我有以下性能问题，涉及大文本文件输入（~500k行）和后续数据解析。

考虑一个文本文件data.txt，其具有以下示例性结构，其中两个标题行可以重新出现在文本文件的某处：

Name Date Val1 val2
--- ------- ---- ----
BA 2013-09-07 123.123 1232.22
BA 2013-09-08 435.65756 2314.34
BA 2013-09-09 234.2342 21342.342

我编写的代码以及以下代码：

%# Read in file using textscan, read all values as string

inFile = fopen('data.txt','r');
DATA = textscan(inFile, '%s %s %s %s');
fclose(inFile);

%# Remove the header lines everywhere in DATA:
%# Search indices of the first entry in first cell, i.e. 'Name', and remove 
%# all lines corresponding to those indices

[iHeader,~] = find(strcmp(DATA{1},DATA{1}(1)));
for i=1:length(DATA)
    DATA{i}(iHeader)=[];
end

%# Repeat again, the first entry corresponds now to '---'

[iHeader,~] = find(strcmp(DATA{1},DATA{1}(1)));
for i=1:length(DATA)
    DATA{i}(iHeader)=[];
end

%# Now convert the cells for column Val1 and Val2 in data.txt to doubles
%# since they have been read in as strings:

for i=3:4
    [A] = cellfun(@str2double,DATA{i});
    DATA{i} = A;
end

我选择在oder中读取所有内容作为字符串，以便能够删除DATA中删除标题行的所有内容。

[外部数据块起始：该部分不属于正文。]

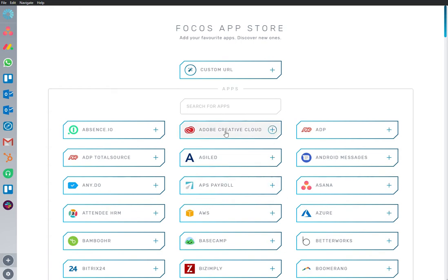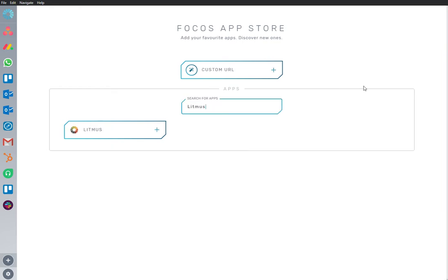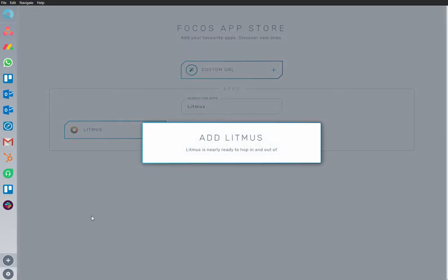Here we are in the App Store, and we have Litmus app installed and ready to go. I'm going to add an app to my workspace.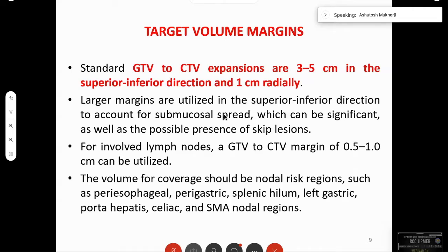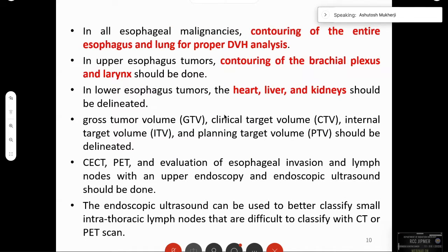In all esophagus cases it is better to contour the entire esophagus length and the lung for proper DVH analysis. In upper esophagus, the brachial plexus and the larynx should be contoured. In lower esophagus, the heart, liver, and kidneys should be delineated.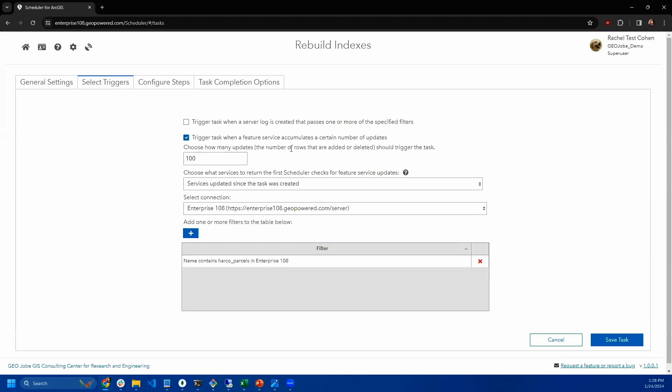So if you're not familiar with database and feature layer indexes, they essentially improve performance. And so if a database or a service has a lot of records added or deleted, sometimes that index can get a little bit out of sync with the data, and that can cause it to become slower and slower.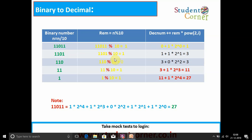Again we take 1101 mod 10, which gives remainder 1. Previous decimal value was 1, so 1 + 1 * 2^1 = 1 + 2 = 3. Decimal number is now 3. Next, 110 mod 10 gives remainder 0, so 3 + 0 * 2^2 = 3 + 0 = 3. Decimal number remains 3.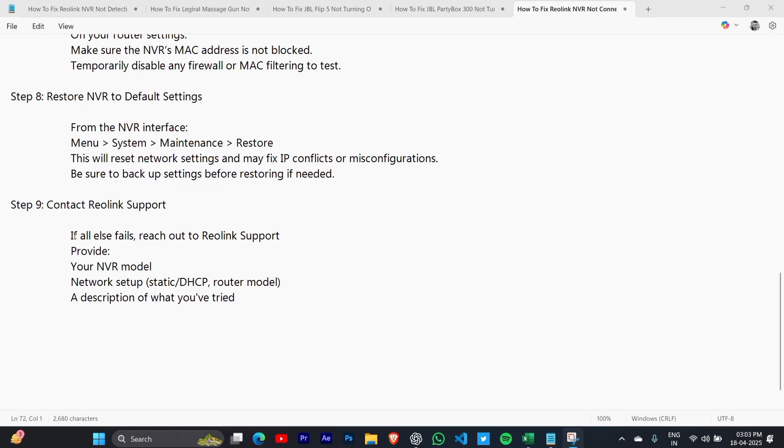Step 9: Contact Reolink support. Provide them your model details, network setup, and a description of what you've tried. Thank you so much for watching this video.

停止时间告诉我代码中最慢的部分是转换[A] = cellfun(@str2double,DATA{i})，尽管与str2double相比，str2num已经是更快的选择。第二个最慢的部分是textscan。

现在的问题是，有更快的方法来处理这个问题吗？

如果我需要进一步澄清，请告诉我。请原谅我，如果有一个非常明显的解决方案，我还没有看到，我现在只用Matlab工作了三个星期。

Answer 1

您可以使用名为textscan的{{1}}选项，该选项将跳过部分文件（在您的情况下重复的2个标题行），并在一个函数调用中读取您的文件。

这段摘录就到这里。